··· Task material ···

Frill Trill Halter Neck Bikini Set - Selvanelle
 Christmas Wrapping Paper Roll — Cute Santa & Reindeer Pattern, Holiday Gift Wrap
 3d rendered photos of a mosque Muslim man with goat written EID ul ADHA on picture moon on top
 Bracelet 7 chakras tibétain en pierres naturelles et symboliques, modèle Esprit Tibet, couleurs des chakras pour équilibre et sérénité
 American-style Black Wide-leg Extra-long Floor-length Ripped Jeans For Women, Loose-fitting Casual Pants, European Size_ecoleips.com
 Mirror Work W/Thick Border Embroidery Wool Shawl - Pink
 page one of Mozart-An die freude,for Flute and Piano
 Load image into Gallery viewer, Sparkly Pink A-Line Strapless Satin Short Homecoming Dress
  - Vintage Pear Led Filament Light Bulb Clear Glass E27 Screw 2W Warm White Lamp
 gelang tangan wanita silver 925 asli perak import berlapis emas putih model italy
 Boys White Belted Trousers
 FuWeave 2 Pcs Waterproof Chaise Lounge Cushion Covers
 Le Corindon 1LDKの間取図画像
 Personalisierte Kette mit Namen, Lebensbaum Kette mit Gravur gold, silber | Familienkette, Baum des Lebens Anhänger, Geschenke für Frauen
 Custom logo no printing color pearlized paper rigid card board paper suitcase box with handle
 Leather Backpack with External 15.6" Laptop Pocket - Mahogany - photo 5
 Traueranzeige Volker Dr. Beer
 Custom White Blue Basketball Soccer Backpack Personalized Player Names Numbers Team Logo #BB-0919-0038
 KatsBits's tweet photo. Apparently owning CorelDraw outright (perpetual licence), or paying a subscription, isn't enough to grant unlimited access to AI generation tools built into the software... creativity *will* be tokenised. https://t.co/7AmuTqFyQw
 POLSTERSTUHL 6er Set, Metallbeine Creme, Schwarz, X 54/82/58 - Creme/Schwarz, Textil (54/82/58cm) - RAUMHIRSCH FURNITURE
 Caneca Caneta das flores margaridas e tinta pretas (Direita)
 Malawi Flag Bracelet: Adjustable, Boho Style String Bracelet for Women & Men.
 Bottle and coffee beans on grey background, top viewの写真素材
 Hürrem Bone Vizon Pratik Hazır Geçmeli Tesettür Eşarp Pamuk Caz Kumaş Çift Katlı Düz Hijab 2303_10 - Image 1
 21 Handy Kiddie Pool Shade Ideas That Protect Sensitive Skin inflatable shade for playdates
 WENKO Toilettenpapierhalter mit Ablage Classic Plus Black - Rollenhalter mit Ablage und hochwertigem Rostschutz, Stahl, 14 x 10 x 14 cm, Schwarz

···

Your objective
This exercise requires the number of lines in the entries holding the word "White", written alone.

Result
3